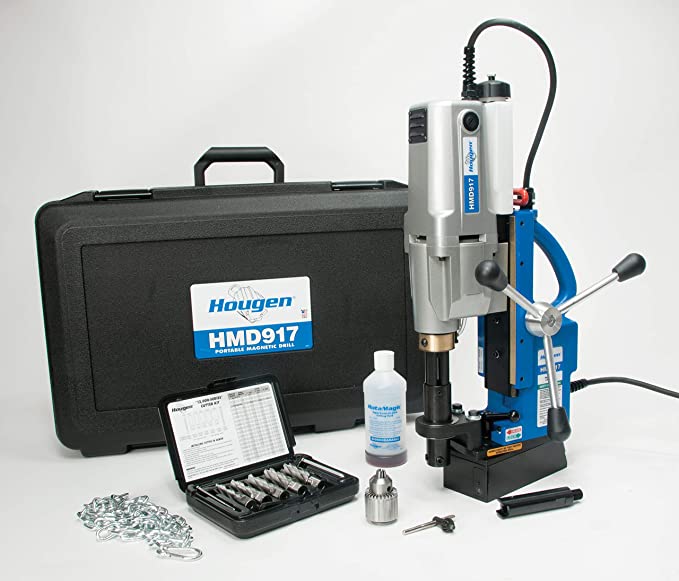 Buy Hougen HMD917 115-Volt Swivel Base Magnetic Drill 2 Speed/Coolant Bottle Plus 1/2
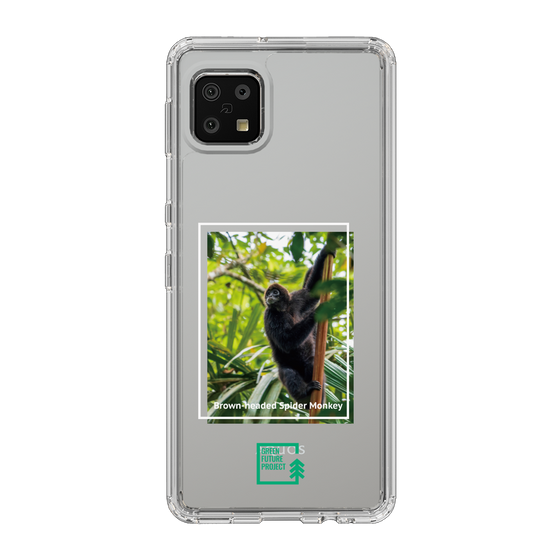 Slim Protection Case［ Green Future Project - Brown-headed Spider Monkey ］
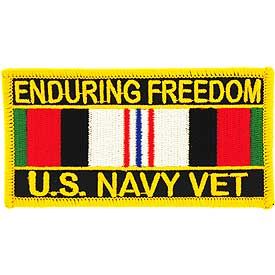 U.S. Navy Operation Enduring Freedom With Service Ribbon Patch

**WHAT IS NEEDED**
Every word of the material, and none of its pictures, should be set down again.

**EXERCISE SOLUTION**
 Buy Hougen HMD917 115-Volt Swivel Base Magnetic Drill 2 Speed/Coolant Bottle Plus 1/2
 Slim Protection Case［ Green Future Project - Brown-headed Spider Monkey ］
 U.S. Navy Operation Enduring Freedom With Service Ribbon Patch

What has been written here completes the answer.